It was fascinating to hear Matt Taibbi and Walter Kirn discussing, with apparent astonishment, a NYT "documentary" on itself ["All the President's Mice"](click here) and the Washington Post's official announcement that objective journalism is passe'. Even more so Taibbi's somewhat more orderly converstion with Chris Hedges. They give context to the Jeff Gerth article in the Columbia Journalism Review, [The Press Versus the President](click here). Having read the whole thing, I'd have to say the "Russiagate" media frenzy had as much substance as the recent "spy-balloon" hysteria, but sucked in the major media and the public for years. It reminded me of those stories of soldiers marching through jungles asleep, each with a hand on the next guy's shoulder, snaking through the bush, and then the point man fell asleep too. Now we're all like those guys, waking up neck-deep in muck.

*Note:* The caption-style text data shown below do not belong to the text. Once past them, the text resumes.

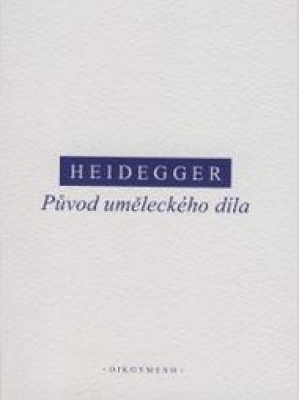 Obrázek pro Heidegger Martin - Původ uměleckého díla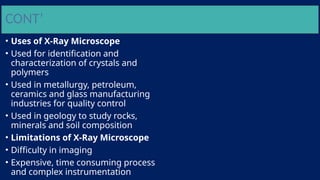 CONT’
• Uses of X-Ray Microscope
• Used for identification and
characterization of crystals and
polymers
• Used in metallurgy, petroleum,
ceramics and glass manufacturing
industries for quality control
• Used in geology to study rocks,
minerals and soil composition
• Limitations of X-Ray Microscope
• Difficulty in imaging
• Expensive, time consuming process
and complex instrumentation
 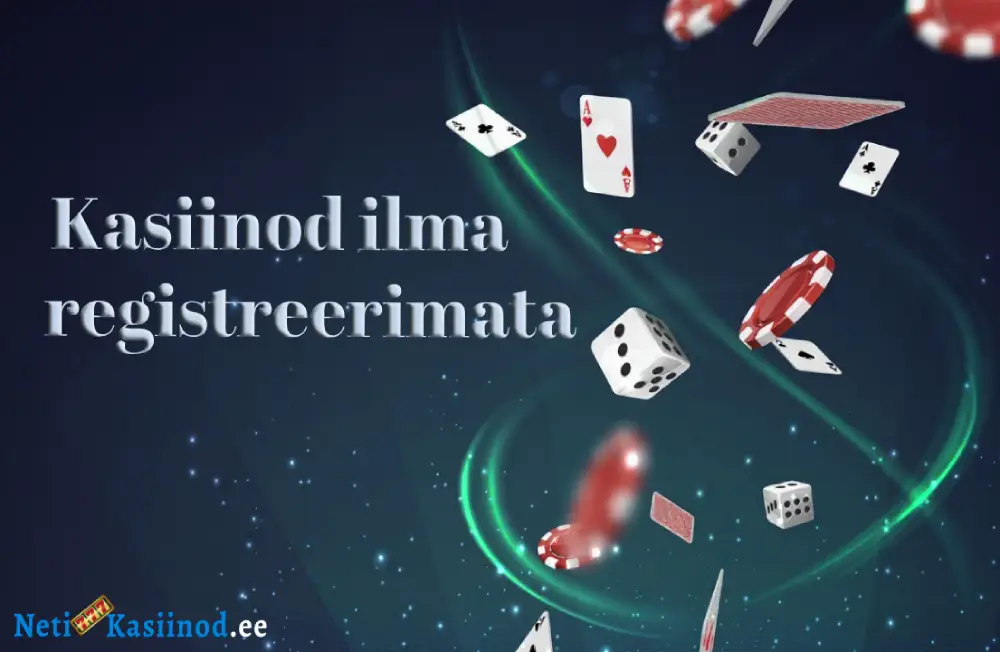 Kasiinod ilma registreerimata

We still don't understand what hit us. There are too many perps, or scapegoats, depending on your point of view. But the idea that bad actors pulled the wool over our eyes for so long at such unprecedented scale, doesn't get us very far toward resolving the problem. And it's a massive problem.
The problem is so massive, it is probably structural. Since everything went online, no media enterprise could remain afloat on ad revenue backed by solid journalism. So, Taibbi, like Hedges, Mate', and now Seymore Hersh, is coming to us on Substack, because he, like them, is a solid journalist.

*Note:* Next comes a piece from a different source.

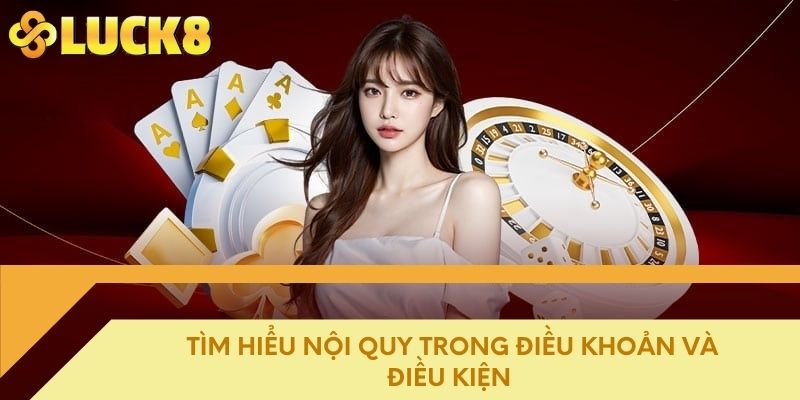 Tìm hiểu nội quy trong điều khoản và điều kiện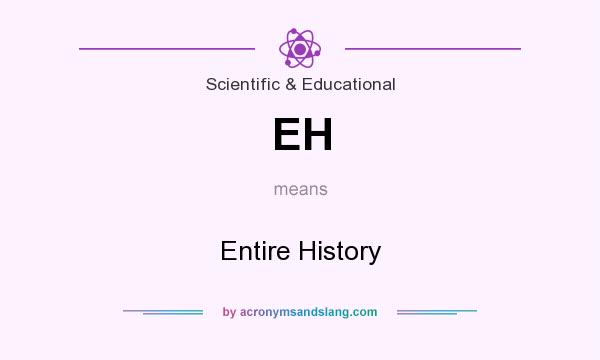 What does EH mean? It stands for Entire History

As the twenty-first century dawned, and information was displaced by aggregated attention, the balance of power shifted dramatically. But it is a mistake to think of such a change in informational terms, when the dominant commodity of this age, the new basis of power, is no longer information. Today the balance of power depends on what stories get the most attention, not what information they might carry. If any. And today anything that gets attention seems real. A "spy-balloon"? Seriously?
Attention connects media platforms to momentary personal online behavior, from which thousands of data-points are derived. So audience is more important than content; any content will do, the more lurid and shocking the better. However, in this new networked paradigm, attention also carries any story so far at such speed that facts can't keep up. While that's only collateral damage to media conglomerates, who care only for sucking up more and bigger data on us while we're staring at flashy pixels, its social impact is profound and terrible.

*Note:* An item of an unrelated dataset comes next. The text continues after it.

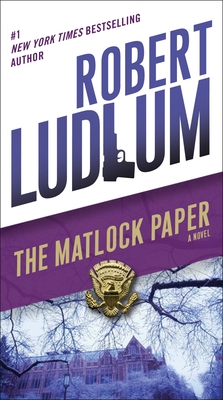 The Matlock Paper - Ludlum, Robert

If a story can't get enough attention to sell media, it aint worth squat. This has always been so. The difference now is a structural change in the economic landscape that's got nothing to do with Ukraine, or Chinese "spy-balloons" or the antics of any presidents. The bandwidth and speed and penetration of our networks went super-critical, and cheap sensationalism, which had lain almost dormant like ancient bacteria under the thawing permafrost, got loose on an unsuspecting world. In this new media terrain spectacle gets there first for the most money. By the time the facts arrive there's a new disaster across town. No contest.
All media messages are designed to arouse, not inform. Ambient fear became the backdrop of our lives. As a result, we react instead of communicating. Social fragmentation is the toxic byproduct of competing feudal internet fiefdoms.
Here's what we get out of this. Generals and pundits and politicians don't try to diffuse and defuse public delusions, they work with them to get elected. It's no surprise then, when millions, no, billions of dollars were spent to shoot a "spy balloon" out of "our air-space." A surveillance technology at least 200 years out of date.
On the other hand, maybe all those generals and pundits and politicians were actually doing a one-eighty. Maybe they finally realized they've done too good a job beating war drums to fatten up the MICC. Maybe they went with the "spy balloon" hysteria for a noble purpose.
Because maybe it distracted a benumbed and terrified public from demanding that Biden order the "Space Force" to shoot down the Tiangong Space Station that's drifting overhead in low Earth orbit.